Comment 16 Richard B. Kreckel 2006-10-31 11:48:54 UTC
A quote from <http://www.cs.berkeley.edu/~wkahan/ieee754status/IEEE754.PDF>:

"While on the subject of miscreant compilers, we should remark their increasingly common tendency to reorder operations that can be executed concurrently by pipelined computers. C programmers may declare a variable volatile to inhibit certain reorderings. A programmer's intention is thwarted when an alleged 'optimization' moves a floating-point instruction past a procedure-call intended to deal with a flag in the floating-point status word or to write into the control word to alter trapping or rounding. Bad moves like these have been made even by compilers that come supplied with such procedures in their libraries. (See _control87 , _clear87 and _status87 in compilers for Intel processors.) Operations’ movements would be easier to debug if they were highlighted by the compiler in its annotated re-listing of the source-code. Meanwhile, so long as compilers mishandle attempts to cope with floating-point exceptions, flags and modes in the ways intended by IEEE Standard 754, frustrated programmers will abandon such attempts and compiler writers will infer wrongly that unexercised capabilities are unexercised for lack of demand."
Comment 17 Richard B. Kreckel 2006-11-06 22:23:08 UTC
(In reply to comment #15)
> Maybe scheduling would have the same issue.

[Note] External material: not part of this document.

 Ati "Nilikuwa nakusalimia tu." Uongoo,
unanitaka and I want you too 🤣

The fact that the result of the
> division is not used is a red herring, though. Of course, the assumption is
> that it's actually used.

For the record: Andrew was right and above statement is wrong. The standard explicitly mandates that unused code must not be removed unless the compiler can determine that it cannot raise an exception flag [F.8.1]:

: Concern about side effects may inhibit code motion and removal of seemingly
: useless code. For example, in
: #include <fenv.h>
: #pragma STDC FENV_ACCESS ON
: void f(double x)
: {
:      /* ... */
:      for (i = 0; i < n; i++) x + 1;
:      /* ... */
: }
: x + 1 might raise floating-point exceptions, so cannot be removed. And since
: the loop body might not execute (maybe 0 ³ n), x + 1 cannot be moved out of
: the loop. (Of course these optimizations are valid if the implementation can
: rule out the nettlesome cases.)
Comment 18 Richard B. Kreckel 2006-11-19 11:22:30 UTC
An idea: Would it help if feholdexcept, fetestexcept and all those standard functions accessing the status and control flags were implemented as builtins, not as extern libcalls?

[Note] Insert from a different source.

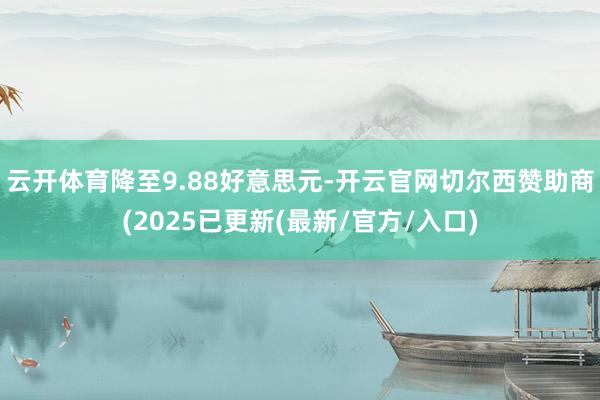 云开体育降至9.88好意思元-开云官网切尔西赞助商(2025已更新(最新/官方/入口)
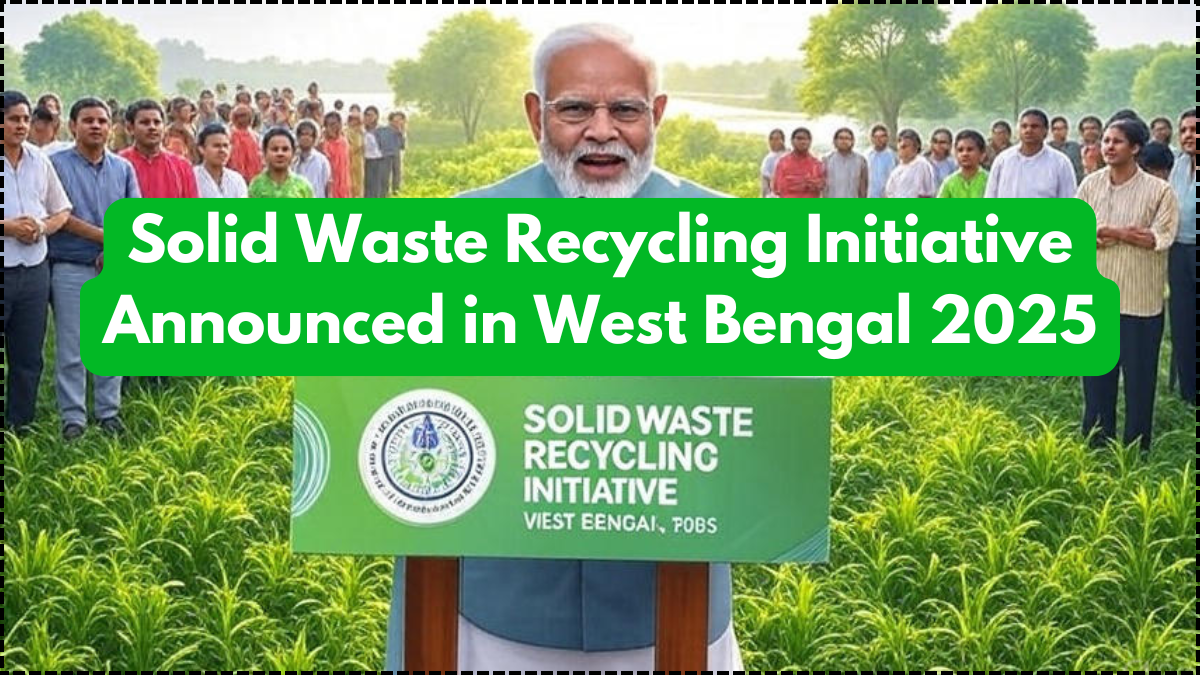 Solid Waste Recycling Initiative Announced in West Bengal 2025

This probably wouldn't help against elimination of unused statements that nevertheless trigger side effects. But it would inhibit the worst cases of code reordering, I suppose.
Comment 19 Richard Biener 2006-11-19 12:14:38 UTC
The problem is that the division is in no ways special to optimizers.  One possibility I see would be to introduce either a builtin function or a new tree-code to access the exception flags.  Of course the fact that flags are
supposed to accumulate doesn't help to simplify things here...

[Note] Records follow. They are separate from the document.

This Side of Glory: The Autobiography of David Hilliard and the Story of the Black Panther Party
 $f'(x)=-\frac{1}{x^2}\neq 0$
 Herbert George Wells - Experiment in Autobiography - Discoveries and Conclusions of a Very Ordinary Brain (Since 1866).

It would be the frontends task to emit compound expressions.  Like instead
of

  D.2529 = x / y;

emit

  { D.2529 = x / y; __builtin_update_except (D.2529); }

(note that __builtin_update_except has to be subject to read/write global
memory to support exception flow across the call-graph).

I bet it's a mess to optimize this stuff correctly without some "clever"
hacks.  Like

  { D.2529 = x / y; *__builtin_flags = __builtin_update_except (D.2529, *__builtin_flags); }

where we can then make __builtin_update_except const [ideally *__builtin_flags
would just be a special alias tag used and clobbered by the various
exception functions]
Comment 20 Richard B. Kreckel 2009-05-04 06:47:38 UTC
So, Joseph explained that the code should execute as expected, at least with -frounding-math as a workaround. However, with GCC 4.4 it is still not possible to write code that takes advantage of those advanced features of IEEE754, even on hardware that supports it directly. Could someone, please, set this bug's status to something less inappropriate than "unconfirmed"?